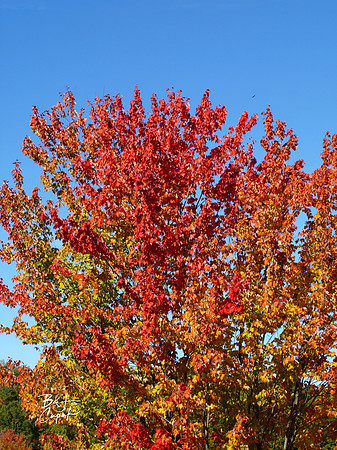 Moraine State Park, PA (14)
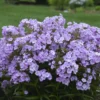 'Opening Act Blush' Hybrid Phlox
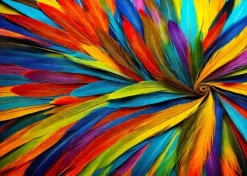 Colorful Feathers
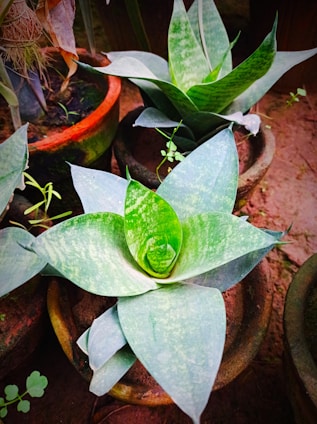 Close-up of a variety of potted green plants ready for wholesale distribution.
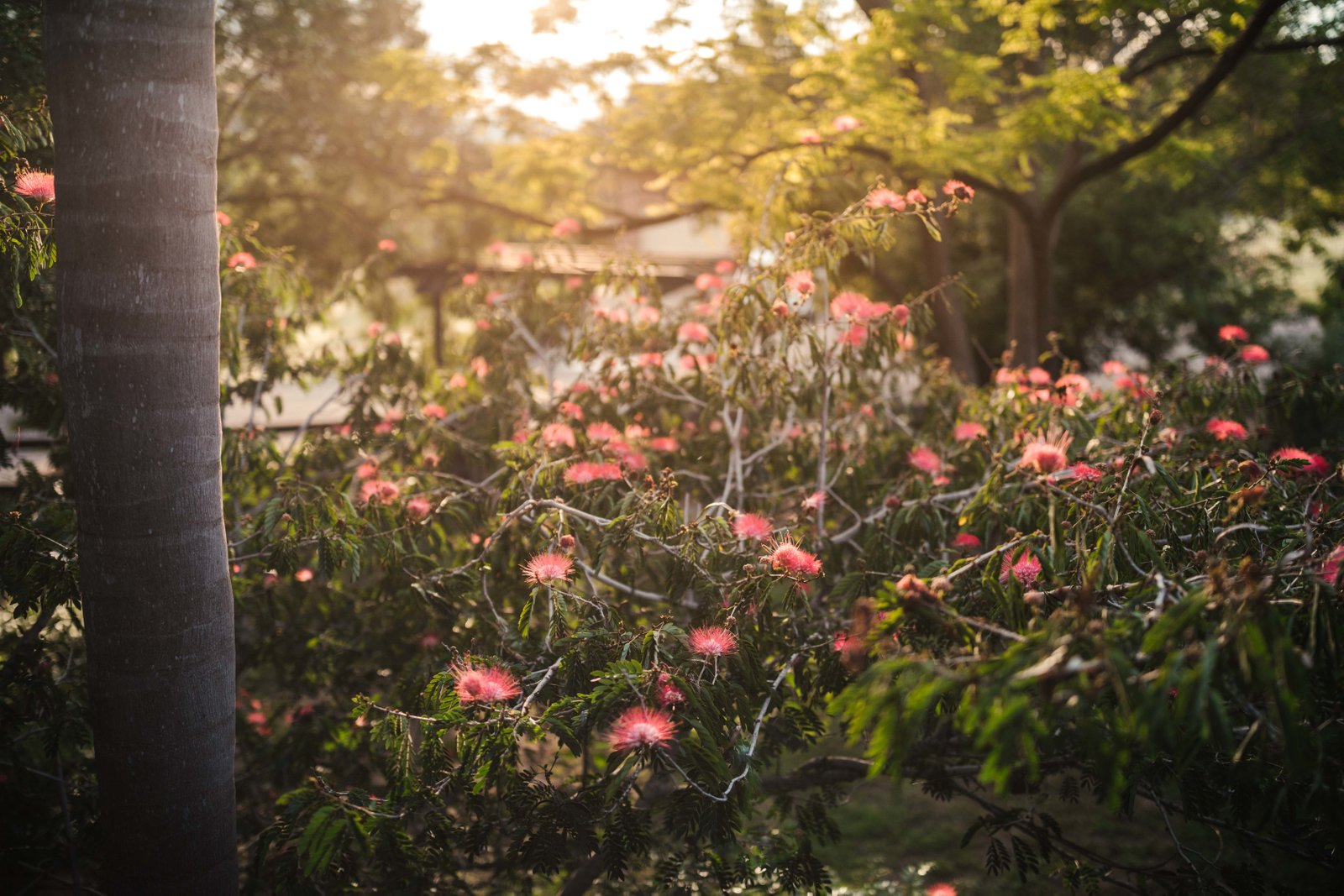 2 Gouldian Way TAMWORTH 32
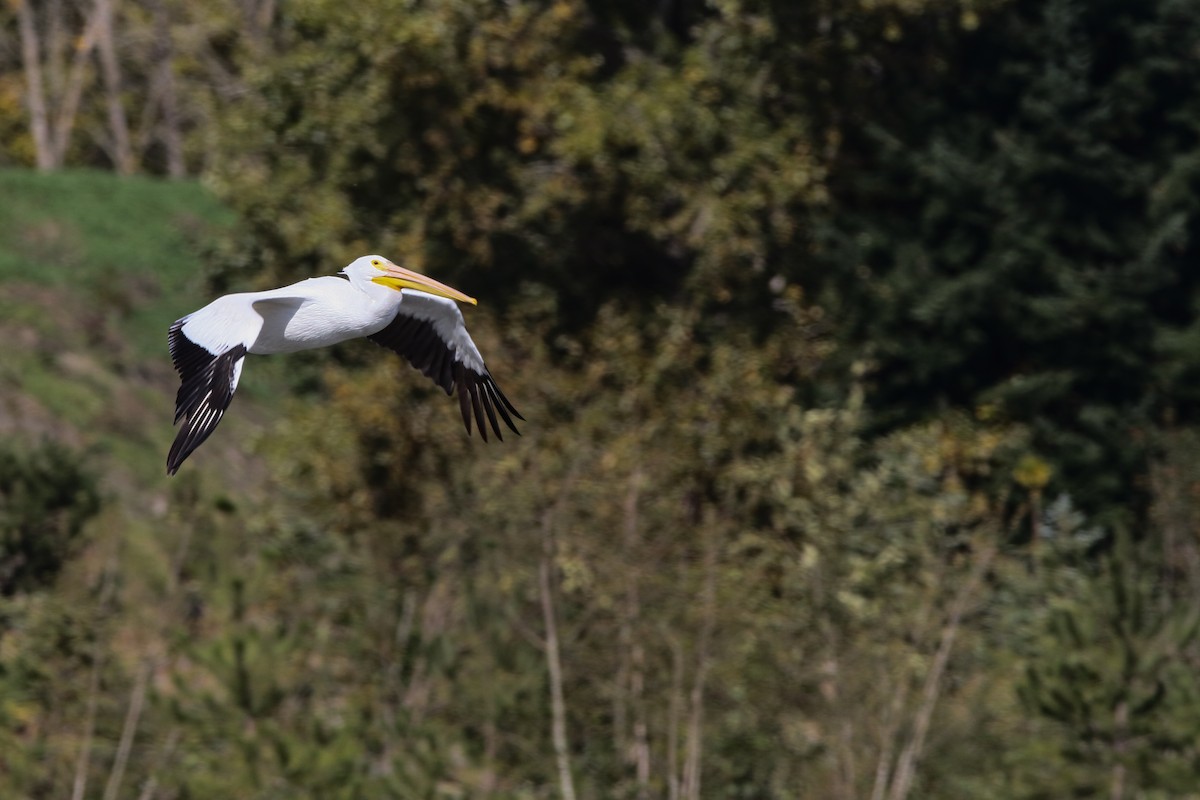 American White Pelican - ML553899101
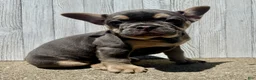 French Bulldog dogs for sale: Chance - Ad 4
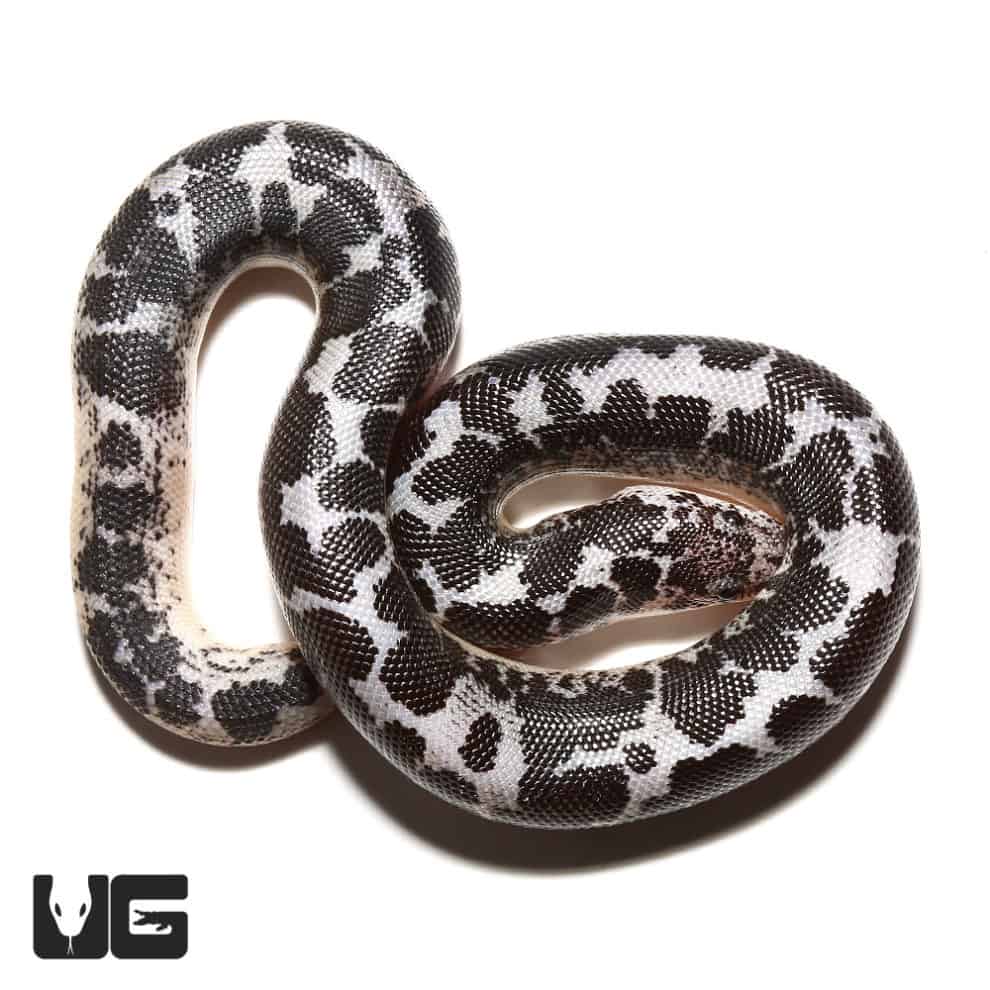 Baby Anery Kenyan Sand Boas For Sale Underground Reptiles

• **Exercise**: Nothing but the lines from the one that contains "French Bulldog dogs for sale: Chance - Ad 4" through the last line of the material should be written out, exactly. Omit pictures.

• **Answer area**:
 French Bulldog dogs for sale: Chance - Ad 4
 Baby Anery Kenyan Sand Boas For Sale Underground Reptiles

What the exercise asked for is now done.